James Kelly: Hello. My name is James Kelly, and I'm a member of the Game Technologies Engineering team at Apple.
In this video, we'll be talking about new game controller features and changes coming to our platforms this year, and we'll give some advice on how you can best adopt these new changes.
As a reminder, the game controller framework has a goal to make it easy to add support for MFI select third-party game controllers to your games on iOS, tvOS and MacOS.
By abstracting controller hardware through a common API, the game controller framework lets you write your code once without you having to worry about how that controller data is mapped.
This year we're making sure you can take advantage of, and customize, the great features of game controllers like haptics and rumble, motion, lights, as well as unique inputs like touchpads and paddles.
We'll also show how users can remap their controllers globally or tune it to their game to get just the configuration they want.
Before we start, we're excited to announce some additions to our supported lineup of great controllers.

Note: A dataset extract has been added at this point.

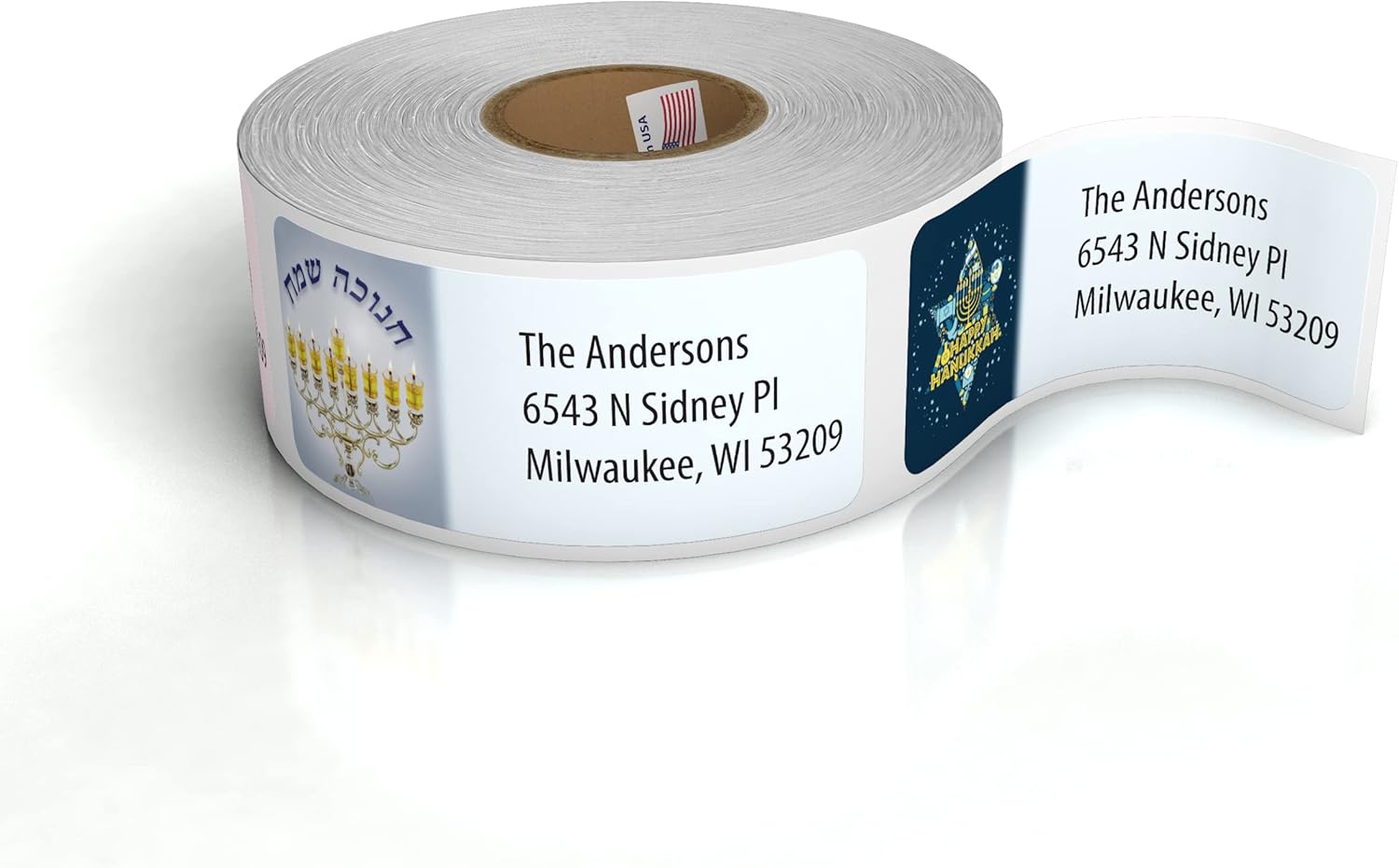 Customized Personalized Address Labels - Made in The USA by Kenco (500 Labels, Hannukah) - Lumora Desk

First up, we've added support for the Xbox Elite Wireless Controller Series 2.
It's got a really great feel and it's been highly requested by our users.
We're also really excited to announce support for the Xbox Adaptive Controller.
This unique extensible controller helps to make gaming more accessible for all.
So developers are creating some great games with controller support.
Oceanhorn 2, Sonic Racing, Spyder, and Lego Brawls are some excellent examples on Apple Arcade and just a few of the games on the App Store that support controllers.
By using the game controller framework, these games automatically support newly-added controllers like the Xbox Adaptive Controller or the Xbox Elite Wireless Controller Series 2.
So now let's talk about changes coming to the game controller framework this year in support of these new controllers.
So let's start by talking about how you can access the buttons of these new controllers.
There's a new way to access controller input this year.
GC PhysicalInputProfile, which represents the collection of all physical inputs available on a controller -- meaning its buttons, triggers, Dpads, thumbsticks, and so on.
We're calling this the new Extensible Input API as it allows your game to dynamically query and support all of the controller's inputs at runtime -- even non-standard inputs like the DualShock 4's touchpad or the Xbox Elite Controller's paddle buttons.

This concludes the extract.